This song hits so hard. It was the "our song" for myself and my very best "boy" friend from my childhood/highschool days. (Class of '97 WOO!) For some reason, he was convinced he blew his chance with me and this became his anthem to me. I loved him, but not the way he wanted me to, but still with my entire heart and soul. He loved me unconditionally. He played this song for me no less than 17 times every time we ended up at the same place. (Which happens a lot when you've been bff's with someone for over 25 years) And then, this past September, he died. And this song will forever haunt my memories. He always said I left him far behind, but in the end, he's the one that left me here.
My dad died in 2020 after years of addiction. This song has always been a favorite but it resonates so deeply for me now. Our relationship was damaged for years and fortunately we got to make amends even if it was on his death bed ♥️
Jeez. This man is so underrated and such a gift to music. I can remember growing up to Candlebox, this album was pivotal in my teenage years, both Far Behind and Cover Me were and still are some of the most deeply moving songs and honestly sometimes they still hurt my heart, but that's what good music does. My only wish is to be able to see Kevin Martin and the band just once before I kick it.
Very sad story behind this tune! Hits home for so many including myself,, addiction is real folks, if know someone struggling with it reach out to them and do your best not to watch them fall and crumble 😕
ROB WATERS the sad thing about addiction is I know nobody woulda been able to pull me out of it unless I really wanted to and before my children I didn’t want to but when they came around the love and light they brought into my cold dark world gave me purpose I know had they never existed I wouldn’t anymore either..

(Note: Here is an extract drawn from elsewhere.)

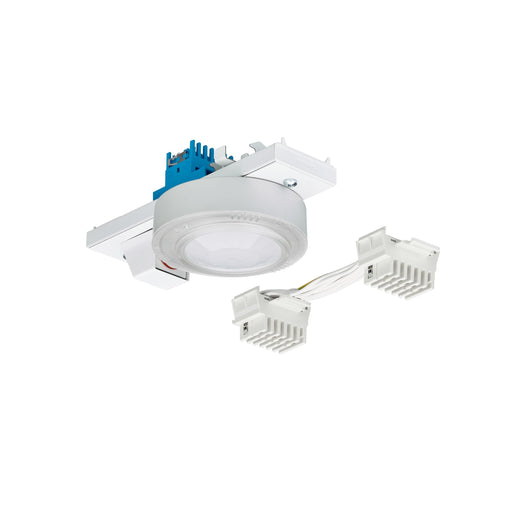 Philips Lighting - Tragschiene für Lichtbandsystem Interact Sensor H4 LL500E H4 Gen2 WH weiß − 1 Stück by Philips Lighting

Outstanding song! And even more now that I learned he wrote about his friend Andrew Wood! Because the lyrics so fit.! My old friend I have not seen in about 18 years was a huge fan of mother love bone. He introduced me to in about 92’ and was like these guys are the next thing! And for several years I have been a fanatic about the life, personality and the legend of Andy Wood. And the lost soul he was. As unfortunately I myself am one. I guess it’s good that I cannot sing or stick to anything because the truth is I would have followed a similar trail to say the least
I had a tape player in high school believe it or not the tape players used to loop I knew if I pulled that tape I would be ruined for good. so everybody always said when I hear this song it reminds me of high school in your 71 javelin. Good times like everybody else said glad we were there.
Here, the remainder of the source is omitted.